I sat with one of my Twitter friends I had met for the first time this year, Stacy Black from Austin. I had bought a bag of what I used to know as penny candy as a kid from the Sweet shop in the Hollywood Highland mall, Smarties, Tootsie Rolls, Dum-Dums, etc. I was offering them to people all weekend. By Sunday, I was down to my last couple of pieces. Stacy I had found out earlier on Twitter likes the same bourbon I do, Elijah Craig Small Batch. I just so happened to have a flask, so we watched the film over bourbon and Smarties.

As always, the closing party was great. For the first time, Jasmine stayed more or less until they kicked us out of Club TCM at midnight. It was great to talk and share a drink with the people I've met over the years, including those like Stacy and Ruth, I'd just met this year and Jeff Davis and Guy Priley, who were at the Festival for the first time and whom I know will be back. Again, I'm going to let the pictures do the talking here.


Clockwise from lower right, Jackie, Jeff,
Jasmine and me

Jazzy and me


Stacy and me



Jeff and me, stolen from his Facebook feed.
I love Jasmine photo bombing in the back

Monday




Shot from the train
Monday after TCMFF, not much happened. For me a highlight was breakfast at Mel's with Jasmine. We had to be out of our AirBnB by 11 am, so we packed went to breakfast. I had two buttons left, and I found a group of the three women, one of whom was wearing a TCM shirt. I gave one to her a let the other two fight for the last one. They were from Marin County in Northern California. It also turns out that Guy was sitting at one of the other booths. Breakfast was good, but that's not why I mention it, nor Guy, nor buttons, nor the women from Marin. It was the jukebox. At each table, they have one of those things to play songs.

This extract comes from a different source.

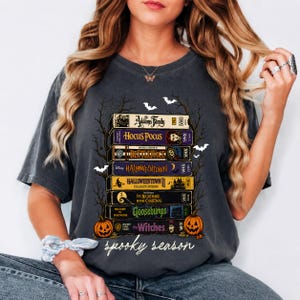 Puede incluir: Una camiseta gris carbón con un estampado gráfico de una pila de cintas VHS etiquetadas como The Addams Family, Hocus Pocus, Beetlejuice, Halloweentown, Halloweentown II, The Nightmare Before Christmas, Goosebumps y The Witches, con el texto spooky season.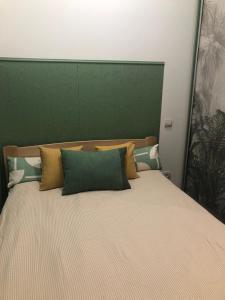 Schlafzimmer mit einem Bett mit einem grünen Kopfteil in der Unterkunft Apartment near Armenian Cathedral in Lwiw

I had some quarters, so I dropped a few in, fully expecting to never hear the songs I just selected, as is typical in a place like that. I put in the number for the Chi-Lites, "Oh Girl." The next song that came up "Oh Girl," the Chi-Lite. Jasmine punched in David Bowie, "Space Oddity." It came up. We played and heard all of the six or seven songs we played. I just love subjecting strangers to my taste in music.


Reading material courtesy of TCM
We had left our luggage at the AirBnB. We went back, grabbed it, and hopped the Metro for Union Station. We got on our train with a good three minutes to spare. No sense having to rush.  On the way home, I alternated between reading #TCMFF tweets and the Must-See Sci-Fi book that came in my TCM Media bag. It was a great way to end a great Festival.